On 16/09/16 10:02, Richard Biener wrote:
On Fri, Sep 16, 2016 at 10:40 AM, Kyrill Tkachov
<kyrylo.tkac...@foss.arm.com> wrote:
Hi all,
Currently the functions:
int f1(int x, int t)
{
if (x == -1 || x == -2)
t = 1;
return t;
}
int f2(int x, int t)
{
if (x == -1 || x == -2)
return 1;
return t;
}
generate different code on AArch64 even though they have identical
functionality:
f1:
add w0, w0, 2
cmp w0, 1
csinc w0, w1, wzr, hi
ret
f2:
cmn w0, #2
csinc w0, w1, wzr, cc
ret
The problem is that f2 performs the comparison (LTU w0 -2)
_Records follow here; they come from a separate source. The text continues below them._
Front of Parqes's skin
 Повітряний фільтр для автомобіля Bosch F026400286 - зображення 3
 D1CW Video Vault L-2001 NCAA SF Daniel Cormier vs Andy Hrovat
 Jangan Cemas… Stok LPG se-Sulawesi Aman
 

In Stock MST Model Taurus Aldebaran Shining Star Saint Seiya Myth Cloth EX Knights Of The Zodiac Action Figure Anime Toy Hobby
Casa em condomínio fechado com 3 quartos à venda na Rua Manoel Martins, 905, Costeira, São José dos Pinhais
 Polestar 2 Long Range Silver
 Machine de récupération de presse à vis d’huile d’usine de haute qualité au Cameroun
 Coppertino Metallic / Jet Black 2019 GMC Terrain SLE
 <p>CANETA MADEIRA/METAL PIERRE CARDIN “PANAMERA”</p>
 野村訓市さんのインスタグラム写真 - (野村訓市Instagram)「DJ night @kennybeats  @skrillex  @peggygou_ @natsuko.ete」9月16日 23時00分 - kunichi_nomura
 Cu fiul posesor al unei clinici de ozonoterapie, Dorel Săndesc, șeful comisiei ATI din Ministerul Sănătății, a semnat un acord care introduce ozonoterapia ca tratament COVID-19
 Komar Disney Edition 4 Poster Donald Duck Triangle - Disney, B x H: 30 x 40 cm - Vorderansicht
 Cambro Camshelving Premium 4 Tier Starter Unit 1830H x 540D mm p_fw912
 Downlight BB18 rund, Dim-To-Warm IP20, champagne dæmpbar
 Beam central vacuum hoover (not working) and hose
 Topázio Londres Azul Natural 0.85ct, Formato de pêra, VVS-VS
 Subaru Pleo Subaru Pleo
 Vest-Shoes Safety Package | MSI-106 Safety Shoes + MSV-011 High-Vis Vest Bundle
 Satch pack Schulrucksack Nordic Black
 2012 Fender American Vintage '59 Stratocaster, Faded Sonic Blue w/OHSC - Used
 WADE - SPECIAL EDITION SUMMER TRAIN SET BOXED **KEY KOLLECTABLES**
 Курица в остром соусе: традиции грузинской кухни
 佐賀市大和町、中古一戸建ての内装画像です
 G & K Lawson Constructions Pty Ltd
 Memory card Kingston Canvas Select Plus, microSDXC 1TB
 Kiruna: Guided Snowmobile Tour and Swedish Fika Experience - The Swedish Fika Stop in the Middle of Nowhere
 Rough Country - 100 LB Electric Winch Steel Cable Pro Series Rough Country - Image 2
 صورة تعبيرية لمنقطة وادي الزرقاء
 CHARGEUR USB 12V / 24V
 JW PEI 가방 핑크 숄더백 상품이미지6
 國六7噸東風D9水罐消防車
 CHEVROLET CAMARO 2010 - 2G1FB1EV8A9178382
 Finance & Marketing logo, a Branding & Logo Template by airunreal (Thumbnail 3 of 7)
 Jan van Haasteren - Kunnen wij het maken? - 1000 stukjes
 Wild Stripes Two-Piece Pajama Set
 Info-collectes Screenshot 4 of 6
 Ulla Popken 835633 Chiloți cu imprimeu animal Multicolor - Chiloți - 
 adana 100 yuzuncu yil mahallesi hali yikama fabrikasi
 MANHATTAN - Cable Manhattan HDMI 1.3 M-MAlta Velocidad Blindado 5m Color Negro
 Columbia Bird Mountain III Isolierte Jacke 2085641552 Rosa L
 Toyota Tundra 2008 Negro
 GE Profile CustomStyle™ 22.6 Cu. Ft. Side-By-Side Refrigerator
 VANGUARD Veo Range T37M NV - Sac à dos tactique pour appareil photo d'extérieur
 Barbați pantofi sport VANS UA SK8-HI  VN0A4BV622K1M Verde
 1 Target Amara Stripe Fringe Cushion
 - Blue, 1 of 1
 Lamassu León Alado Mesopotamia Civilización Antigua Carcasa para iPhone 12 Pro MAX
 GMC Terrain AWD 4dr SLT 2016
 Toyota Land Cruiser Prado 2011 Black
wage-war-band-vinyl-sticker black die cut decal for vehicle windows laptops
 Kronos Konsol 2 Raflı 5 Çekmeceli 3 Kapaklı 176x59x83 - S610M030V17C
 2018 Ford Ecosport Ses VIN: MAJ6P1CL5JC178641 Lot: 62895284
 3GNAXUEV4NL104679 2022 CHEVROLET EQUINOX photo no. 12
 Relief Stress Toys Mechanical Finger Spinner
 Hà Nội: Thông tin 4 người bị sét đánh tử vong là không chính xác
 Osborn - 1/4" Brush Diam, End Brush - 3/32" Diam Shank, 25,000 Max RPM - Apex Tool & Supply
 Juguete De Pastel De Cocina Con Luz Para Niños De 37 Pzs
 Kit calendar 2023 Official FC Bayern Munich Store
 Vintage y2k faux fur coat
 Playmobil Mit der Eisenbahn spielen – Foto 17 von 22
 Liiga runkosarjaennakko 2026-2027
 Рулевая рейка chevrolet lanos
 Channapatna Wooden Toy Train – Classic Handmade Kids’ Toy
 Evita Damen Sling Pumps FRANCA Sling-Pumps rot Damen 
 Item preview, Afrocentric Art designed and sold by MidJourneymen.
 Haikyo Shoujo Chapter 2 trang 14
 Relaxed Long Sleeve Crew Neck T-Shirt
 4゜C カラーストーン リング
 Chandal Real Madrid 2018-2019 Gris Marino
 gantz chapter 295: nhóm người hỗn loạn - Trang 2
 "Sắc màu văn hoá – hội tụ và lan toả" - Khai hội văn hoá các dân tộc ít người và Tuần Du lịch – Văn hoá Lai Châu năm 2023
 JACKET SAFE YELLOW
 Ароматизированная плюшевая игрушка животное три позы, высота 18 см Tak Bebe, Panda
whereas f1 performs (GTU (PLUS w0 2) 1). I think it is possible to simplify
the f1 form
to the f2 form with the simplify-rtx.c rule added in this patch. With this
patch the
codegen for both f1 and f2 on aarch64 at -O2 is identical (CMN, CSINC).
Bootstrapped and tested on arm-none-linux-gnueabihf, aarch64-none-linux-gnu,
x86_64.
What do you think? Is this a correct generalisation of this issue?
If so, ok for trunk?
Do you see a difference on the GIMPLE level? If so, this kind of
transform looks
appropriate there, too.
The GIMPLE for the two functions looks almost identical:
f1 (intD.7 xD.3078, intD.7 tD.3079)
{
intD.7 x_4(D) = xD.3078;
intD.7 t_5(D) = tD.3079;
unsigned int x.0_1;
unsigned int _2;
x.0_1 = (unsigned int) x_4(D);
_2 = x.0_1 + 2;
if (_2 <= 1)
goto <bb 3>;
else
goto <bb 4>;
;; basic block 3, loop depth 0, count 0, freq 3977, maybe hot
;; basic block 4, loop depth 0, count 0, freq 10000, maybe hot
# t_3 = PHI <t_5(D)(2), 1(3)>
return t_3;
}
f2 (intD.7 xD.3082, intD.7 tD.3083)
{
intD.7 x_4(D) = xD.3082;
intD.7 t_5(D) = tD.3083;
unsigned int x.1_1;
unsigned int _2;
intD.7 _3;
x.1_1 = (unsigned int) x_4(D);
_2 = x.1_1 + 2;
if (_2 <= 1)
goto <bb 4>;
else
goto <bb 3>;
;; basic block 3, loop depth 0, count 0, freq 6761, maybe hot
;; basic block 4, loop depth 0, count 0, freq 10000, maybe hot
# _3 = PHI <1(2), t_5(D)(3)>
return _3;
}
So at GIMPLE level we see a (x + 2 <=u 1) in both cases but with slightly
different CFG. RTL-level transformations (ce1) bring it to the pre-combine RTL
where one does (LTU w0 -2) and the other does (GTU (PLUS w0 2) 1).
So the differences start at RTL level, so I think we need this transformation
there.
However, for the testcase:
unsigned int
foo (unsigned int a, unsigned int b)
{
return (a + 2) > 1;
}
The differences do appear at GIMPLE level, so I think a match.pd pattern would
help here.
I'll look into adding one there as well, but that would be independent of this
patch.
Thanks,
Kyrill
Richard.
Thanks,
Kyrill
2016-09-16 Kyrylo Tkachov <kyrylo.tkac...@arm.com>
* simplify-rtx.c (simplify_relational_operation_1): Add transformation
(GTU (PLUS a C) (C - 1)) --> (LTU a -C).
2016-09-16 Kyrylo Tkachov <kyrylo.tkac...@arm.com>
* gcc.target/aarch64/gtu_to_ltu_cmp_1.c: New test.